[Caption-style text data]
# # # #
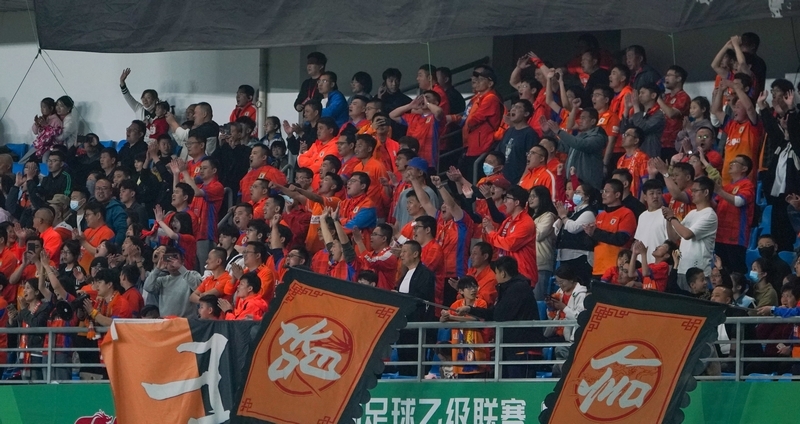 邹城主场激情对决：山东泰山B队1-1战平无锡吴钩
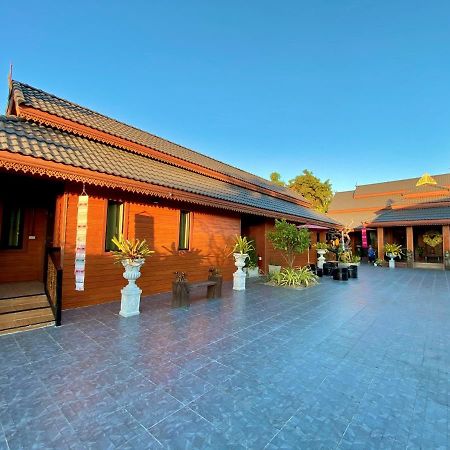 Khum Lanna Boutique Hotel Sisaket エクステリア 写真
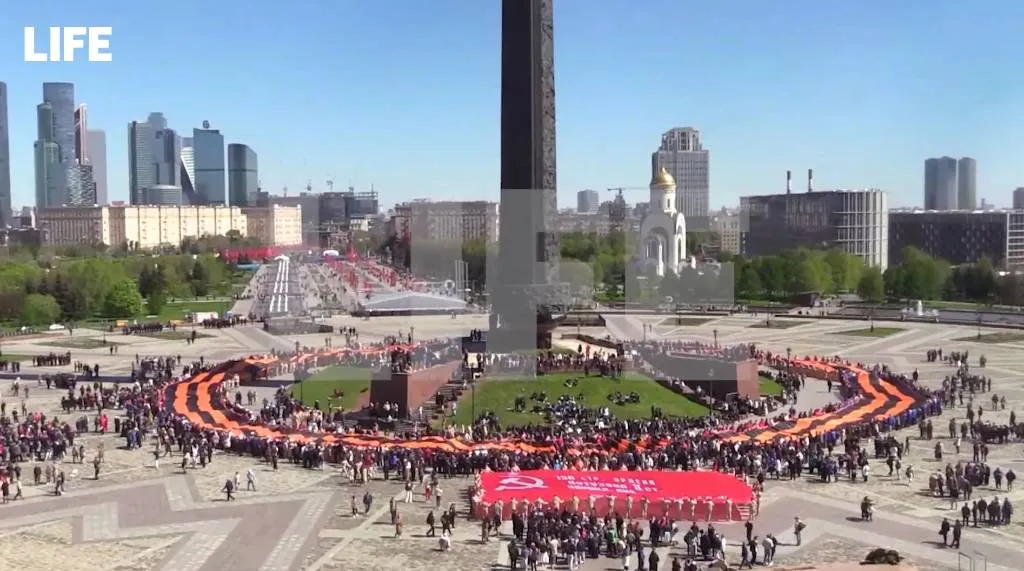 В Москве развернули огромную Георгиевскую ленту длиной 300 метров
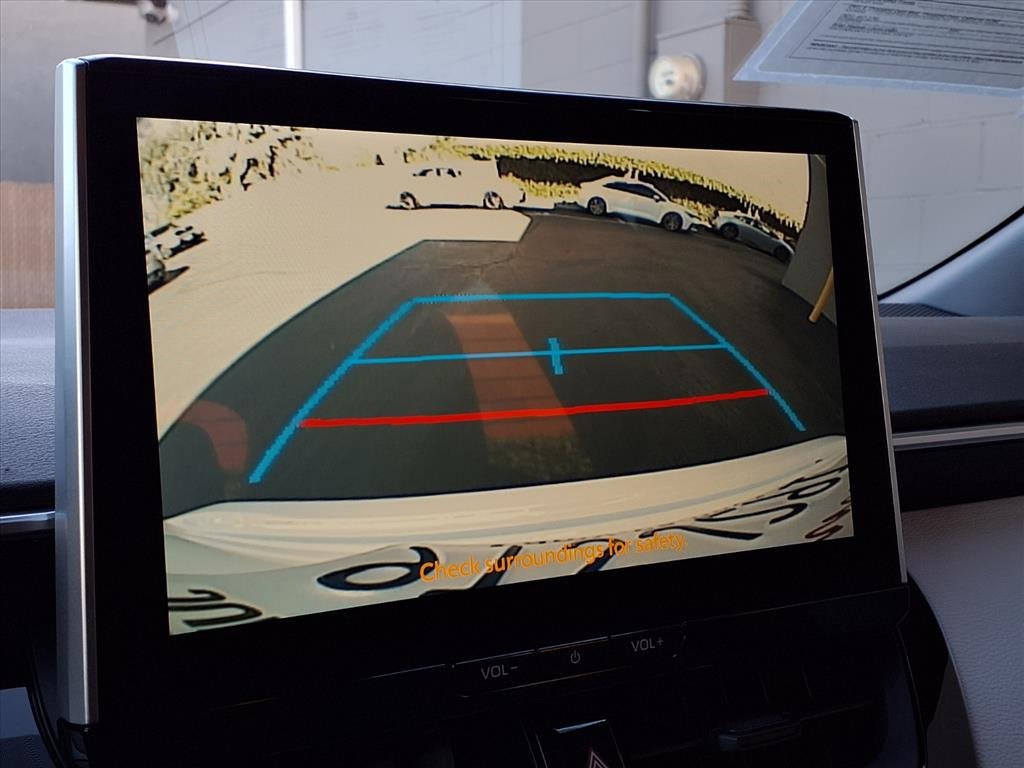 Certified 2025 Toyota Corolla SE image 9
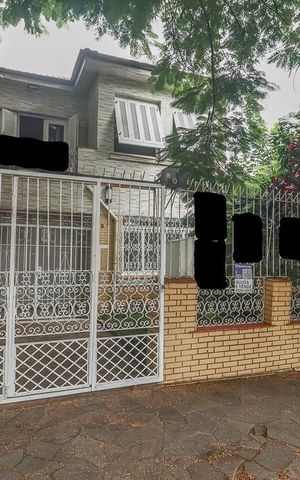 Casa à venda com 350m², 4 quartos e 2 vagasFachada
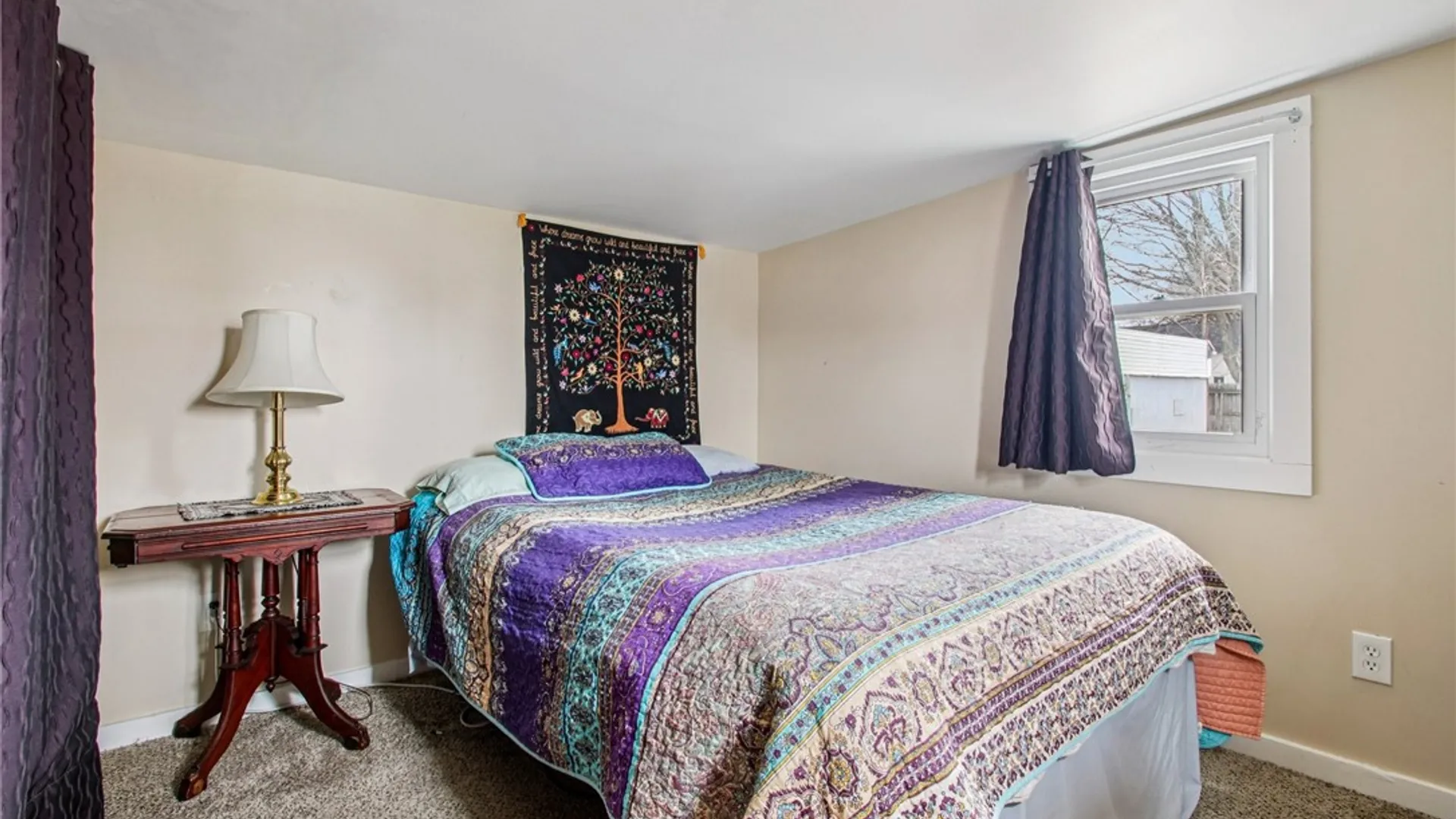 Property at 256 Breezeway Drive, Irondequoit, NY 14622 14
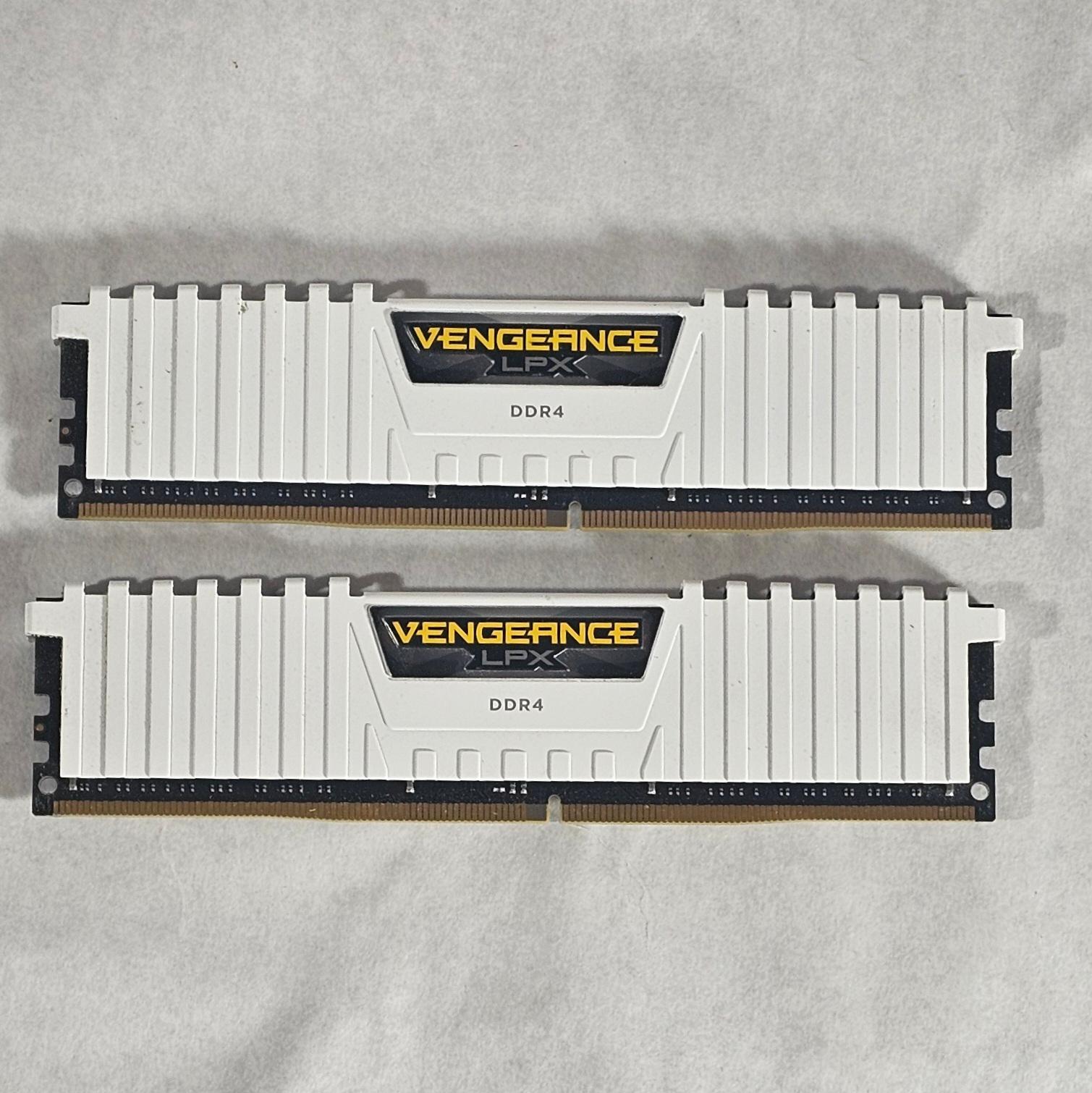 16GB DDR4 (2x8GB) CL16 3200MHz White Corsair Vengeance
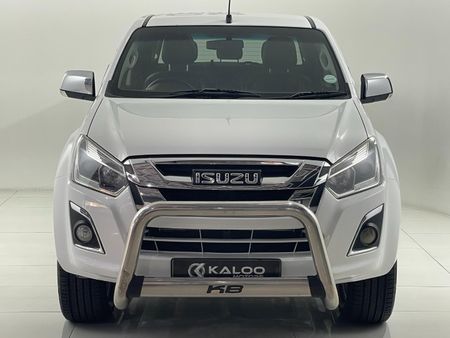 2017-Isuzu-KB-300-D-Teq-LX-Auto-Double-Cab_2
# # # #
DIRECTIONS FOR THIS TASK:
Your copy should match every record exactly and contain no pictures.

ANSWER TO THIS PROBLEM:
 邹城主场激情对决：山东泰山B队1-1战平无锡吴钩
 Khum Lanna Boutique Hotel Sisaket エクステリア 写真
 В Москве развернули огромную Георгиевскую ленту длиной 300 метров
 Certified 2025 Toyota Corolla SE image 9
 Casa à venda com 350m², 4 quartos e 2 vagasFachada
 Property at 256 Breezeway Drive, Irondequoit, NY 14622 14
 16GB DDR4 (2x8GB) CL16 3200MHz White Corsair Vengeance
 2017-Isuzu-KB-300-D-Teq-LX-Auto-Double-Cab_2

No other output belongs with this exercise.